RFR: 8311906: Improve robustness of String constructors with mutable array inputs

Wed Nov 8 18:40:07 UTC 2023

On Mon, 30 Oct 2023 18:34:44 GMT, Roger Riggs <rriggs at openjdk.org> wrote:

> Strings, after construction, are immutable but may be constructed from mutable arrays of bytes, characters, or integers.
> The string constructors should guard against the effects of mutating the arrays during construction that might invalidate internal invariants for the correct behavior of operations on the resulting strings. In particular, a number of operations have optimizations for operations on pairs of latin1 strings and pairs of non-latin1 strings, while operations between latin1 and non-latin1 strings use a more general implementation. 
> 
> The changes include:
> 
> - Adding a warning to each constructor with an array as an argument to indicate that the results are indeterminate 
>   if the input array is modified before the constructor returns. 
>   The resulting string may contain any combination of characters sampled from the input array.
> 
> - Ensure that strings that are represented as non-latin1 contain at least one non-latin1 character.
>   For latin1 inputs, whether the arrays contain ASCII, ISO-8859-1, UTF8, or another encoding decoded to latin1 the scanning and compression is unchanged.
>   If a non-latin1 character is found, the string is represented as non-latin1 with the added verification that a non-latin1 character is present at the same index.
>   If that character is found to be latin1, then the input array has been modified and the result of the scan may be incorrect.
>   Though a ConcurrentModificationException could be thrown, the risk to an existing application of an unexpected exception should be avoided.
>   Instead, the non-latin1 copy of the input is re-scanned and compressed; that scan determines whether the latin1 or the non-latin1 representation is returned.
> 
> - The methods that scan for non-latin1 characters and their intrinsic implementations are updated to return the index of the non-latin1 character.
> 
> - String construction from StringBuilder and CharSequence must also be guarded as their contents may be modified during construction.

First take ;-)
More will follow.

src/java.base/share/classes/java/lang/String.java line 602:

> 600:                 }
> 601:                 this.value = utf16;
> 602:                 this.coder = (utf16.length == dp) ? LATIN1 : UTF16;

Is it possible to have `utf16.length == dp` here? I think the `coder` can only be `UTF16`.

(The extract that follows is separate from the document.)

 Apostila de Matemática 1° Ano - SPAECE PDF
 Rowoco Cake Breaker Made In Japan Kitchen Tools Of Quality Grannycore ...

src/java.base/share/classes/java/lang/StringLatin1.java line 37:

> 35: import jdk.internal.util.ArraysSupport;
> 36: import jdk.internal.util.DecimalDigits;
> 37: import jdk.internal.vm.annotation.ForceInline;

This annotation does not seem to be used.

src/java.base/share/classes/java/lang/StringUTF16.java line 158:

> 156:      * {@return an encoded byte[] for the UTF16 characters in char[]}
> 157:      * **Only** use this if it is known that at least one character is UTF16.
> 158:      * Otherwise, an untrusted char array may have racy contents and really be latin1.

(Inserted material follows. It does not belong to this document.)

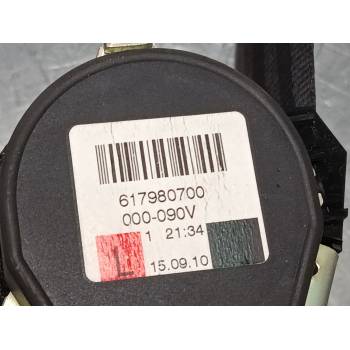 CINTURON SEGURIDAD TRASERO IZQUIERDO 617980700 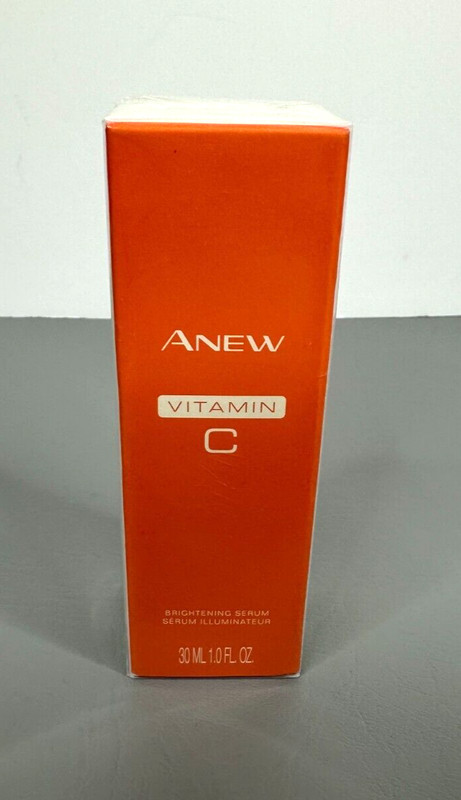 Avon Anew Vitamin C Brightening Serum 1oz New Sealed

While this is a good advice, it turns out that the `compress()` method below invokes this method _without_ knowing for sure if the provided `value` contains at least one non-latin1 `char` when this method is invoked or while it runs: it only _assumes_ so, and indeed prudentially checks afterwards.

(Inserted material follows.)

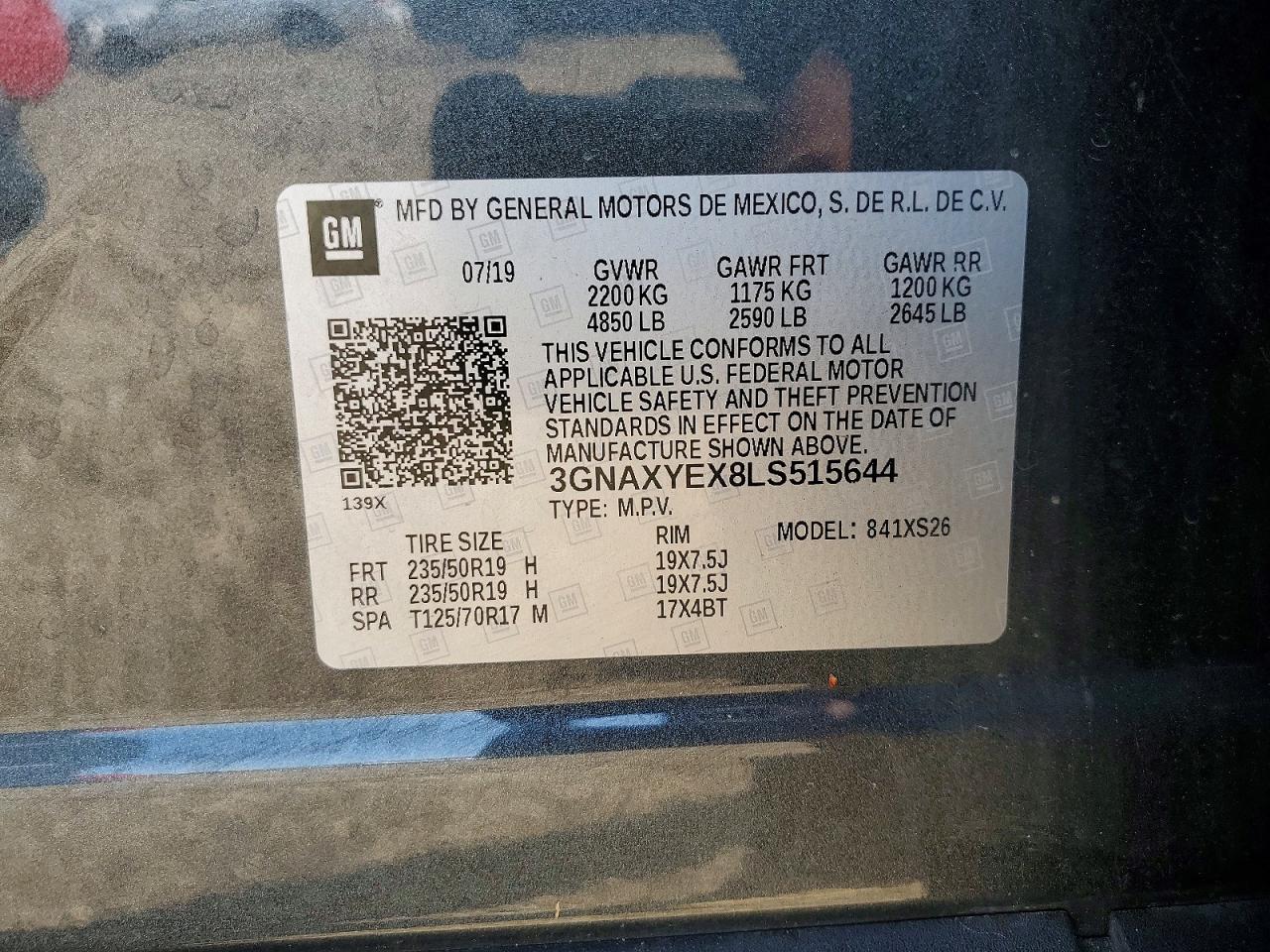 Chevrolet Equinox Premier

It should be suggested to check the result after invoking this method if `value` is untrusted.

src/java.base/share/classes/java/lang/StringUTF16.java line 198:

> 196:      * @param val   a char array
> 197:      * @param off   starting offset
> 198:      * @param count length of chars to be compressed, length > 0

Suggestion:

     * @param count count of chars to be compressed, {@code count} > 0

src/java.base/share/classes/java/lang/StringUTF16.java line 214:

> 212:             }
> 213:         }
> 214:         return latin1;     // latin1 success

The original version of this `public` method can return `null` to signal failure to compress. Does this change impact callers that might expect `null`?

src/java.base/share/classes/java/lang/StringUTF16.java line 226:

> 224:      * @param val   a byte array with UTF16 coding
> 225:      * @param off   starting offset
> 226:      * @param count length of chars to be compressed, length > 0

Suggestion:

     * @param count count of chars to be compressed, {@code count} > 0

src/java.base/share/classes/java/lang/StringUTF16.java line 232:

> 230:         int ndx = compress(val, off, latin1, 0, count);
> 231:         if (ndx != count) {// Switch to UTF16
> 232:             byte[] utf16 = Arrays.copyOfRange(val, off << 1, (off + count) << 1);

Not sure if the left shifts do not overflow on this `public` method. If that happens, the outcomes could be non-negative, so the copy would succeed but be kind of corrupted.

src/java.base/share/classes/java/lang/StringUTF16.java line 240:

> 238:             }
> 239:         }
> 240:         return latin1;     // latin1 success

See the `compress()` above for a remark on `null` as a return value.

src/java.base/share/classes/java/lang/StringUTF16.java line 319:

> 317:             int codePoint = val[off];           // read each codepoint from val only once
> 318:             int dstLimit = dstOff
> 319:                     + (Character.isBmpCodePoint(codePoint) ? 1 : 2)

Suggestion:

                    + Character.charCount(codePoint)

This method was introduced in 1.5, so should be safe to use even for backports.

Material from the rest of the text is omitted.